Way back, there was so much convincing evidence of fetotoxicity of artemisinins in animal studies (mainly with intramuscular injection)that the deployment of these agents in humans outside China was delayed.
There is now good evidence to support the use of artemisinins in the current dosing regimens (Efferth & Kaina 2010) but the crucial part of their summary is even handed with regard to toxicity. "The lesson learned from animal and human studies is that long term availability rather than short term peak concentrations of artemisins cause toxicity. Rapid elimination of artemisinins after oral intake represents a relatively safe route of administration compared to delayed release after intramuscular addition there are drug-related toxicities .....Although there is no need to increase dose of artemisinins for uncomplicated malaria, this has to be taken into account for cerebellar involvement in severe malaria.

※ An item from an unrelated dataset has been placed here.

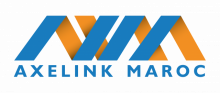 AXELINK MAROC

Clark 2009 has a relatively optimistic review: "Single oral doses of artesunate, dihydroartemisinin, arteether and artemether administered to rats during
a sensitive period of organogenesis caused embryo deaths and malformations (malformed long bones and ventricular septal defects). Extended oral dosing (12 days or more) of monkeys once daily with 12 mg/kg-d artesunate also caused embryo deaths. The initial embryotoxic effect in both species was to kill primitive erythroblasts which are present in the embryo for a few days of gestation in rats and several weeks in
primates. The malformations that occurred in rats are attributed to a transient depletion of the primitive erythroblasts. In monkeys, when treatment at 12 mg/kg-d was shortened to 3 or 7 days, the embryos survived but likely suffered a transient loss of primitive erythroblasts. Limited clinical data including 123 first trimester pregnancies have not indicated any adverse effects on pregnancy. However, in rats and monkeys, the embryonic erythroblasts are much more sensitive to artemisinins than are erythroblasts in the adult bone marrow."
However these worries have not been supported in general use, though increases in exposure associated with more persistent new drugs or any drastic increase in dosing frequency or duration may have uncertain effects. Malaria risk of death to the mother is (probably sensibly) taken more seriously than risk of fetal loss.